A town of Springvale man, who serves as a town supervisor, made an initial appearance Wednesday on several charges of tax fraud.
Timothy C. Ashley, 60, appeared in Columbia County Circuit Court before Court Commissioner Andrea Von Hoff. He was charged with three felony counts of filing a false income tax return and 18 misdemeanor counts of filing a fraudulent sales tax return.
According to the criminal complaint, he faces up to six years imprisonment and $10,000 in fines per felony charge and faces up to 30 days imprisonment and $500 in fines per misdemeanor charge.
Von Hoff set a $500 signature bond. Ashley may not leave the state, except to visit his land in Ohio.
Ashley’s information matches that of a long-serving supervisor on the board for the town of Springvale who was last elected in 2019. Town Clerk Becky Gutzman said in an email Wednesday that Ashley is a supervisor.

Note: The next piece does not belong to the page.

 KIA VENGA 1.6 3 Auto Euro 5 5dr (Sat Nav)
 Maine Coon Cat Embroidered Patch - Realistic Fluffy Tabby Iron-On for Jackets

The complaint states that a special agent with the state Department of Revenue started an investigation into Ashley and his AC Auto Body business in rural Cambria after finding that his assets did not correspond with his reported income. The agent subpoenaed bank records and found cashed checks where the auto shop business name had been crossed out and replaced with Ashley’s name. The checks had memo notes indicating that the payment was for auto repair services.
The agent also found that there were no cash deposits from customers in the business account in multiple years and that the checks were not deposited into the business account or reported on income tax returns or business sales tax returns. There were deposits that appeared to be business-related placed into a personal account and also not reported on tax returns.
The complaint says the agent interviewed Ashley on November 2019 and Ashley allegedly admitted to depositing business income into a personal checking account and not reporting it on returns or to a CPA.
The complaint says there was $135,778 in unreported business income and a loss of $16,921 to the state of Wisconsin.
A pre-trial conference is scheduled for Nov. 17.